Goldberg, who has no credentials beyond the right-wing nepotism that has enabled his career as a pundit, has drawn a kind of history in absurdly broad and comically wrongheaded strokes. It is not just history done badly, or mere revisionism. It’s a caricature of reality, like something from a comic-book alternative universe: Bizarro history.

Goldberg responds:

Neiwert, what with all of his credentials and seriousness might want to explain how a dogmatic individualist can be a totalitarian, since totalitarian in the academic literature he so esteems defines totalitarianism as anti-individualism. Totalitarianism is about trying to define the lives of others through state power. Individualists might be bad or wrong or selfish, but they aren’t any of those things because, again, they’re frick’n individualists!

Whatever.

We also had a lively discussion on whether Charlie Gibson’s question last Saturday on The Surge was essentially a frame of Republican talking points. I’ll let you be the judge. Here’s Gibson:

We started the surge early this year. You all opposed it. But there are real signs it has worked. So from background, our man in Baghdad for ABC, Terry McCarthy.

(BEGIN VIDEO CLIP)

TERRY MCCARTHY, ABC BAGHDAD CORRESPONDENT: It has been a tough 12 months in Iraq, with more U.S. troops killed than in any previous year of the war. But overall, the addition of an extra 30,000 troops has helped to reduce violence substantially. Civilian killings are down 65 percent in the last six months. U.S. deaths are down from 126 in May to 23 in December.
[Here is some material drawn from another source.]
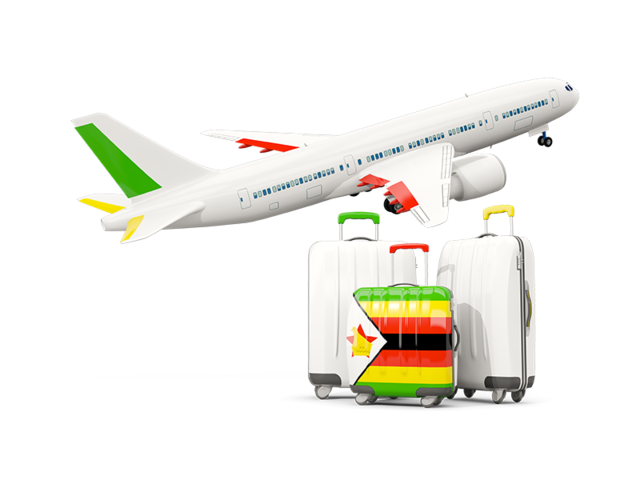 Luggage with airplane. Download flag icon of Zimbabwe at PNG format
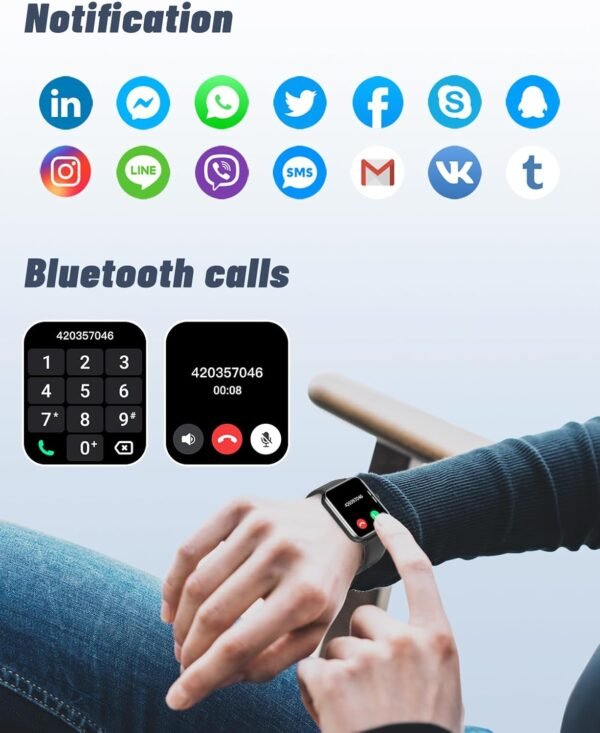 GRV Smart Watch for iOS and Android Phones (Answer/Make Calls), Watches for Men Women IP68 Waterproof Smartwatch Fitness Tracker Watch with Heart Rate/Sleep Monitor Steps Calories Counter (Black)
MCCARTHY: General Petraeus has repeatedly said the solution in Iraq must be political, not military. So far, political progress has been frustratingly slow.

But a year ago, many Americans, and the Iraqis, too, thought the country was a lost cause. Today, with improved security, life is returning to the streets of Baghdad.

Nobody yet says the war is over. But Iraqis are finally able to hope that things might be getting better.

Charlie?

(END VIDEO CLIP)

GIBSON: So, I want to ask all of you: Are any of you ready to say that the surge has worked?

[Richardson and Clinton both refute the premise of the question.]

GIBSON: I’m going to take this to Senator Obama and to Senator Edwards.

But — and I’m not here to debate — the parliament meets, an oil law is under consideration, de-Baathification has progressed to some extent, and were it not for the surge, instead of counting votes, we’d be counting bodies in the streets.

RICHARDSON: But this has been going on for years, Charlie.

GIBSON: And all of you — all of you wanted the troops out last year.

RICHARDSON: There is no serious progress.

GIBSON: Would you have seen this kind of greater security in Iraq if we had followed your recommendations to pull the troops out last year, Senator Obama?

It seems to me like Gibson is saying: We worked the surge, and the… (wait for the downbeat) Surge worked. Still, I can see how you could say that he’s just testing their mettle, seeing if anyone will eat their words.

Just for fun I brought up this exchange from the 2004 primary debates. Here’s Peter Jennings (emphasis mine):

General Clark, a lot of people say they don’t know you well, so this is really a simple question about knowing a man by his friends. The other day you had a rally here and one of the men who stood up to endorse you was the controversial filmmaker Michael Moore. You said you were delighted with him. At one point Mr. Moore said in front of you, was saying that he would like to see a debate between you, the general, and president Bush, who he called a deserter. Now, that’s a reckless charge, not supported by the facts, and I was curious to know why you didn’t contradict him, and whether or not you think it was—would have been a better example of ethical behavior to have done so.

While Michael Moore’s comments could be called hyperbolic, in that Bush merely went missing for a period of time, and that may not satisfy the technical requirement for being a deserter, it’s still not way off the mark. I just thought it was interesting that Jennings was so determined to knock this Democratic talking point down while Gibson is perfectly okay with introducing a Republican talking point into the debates.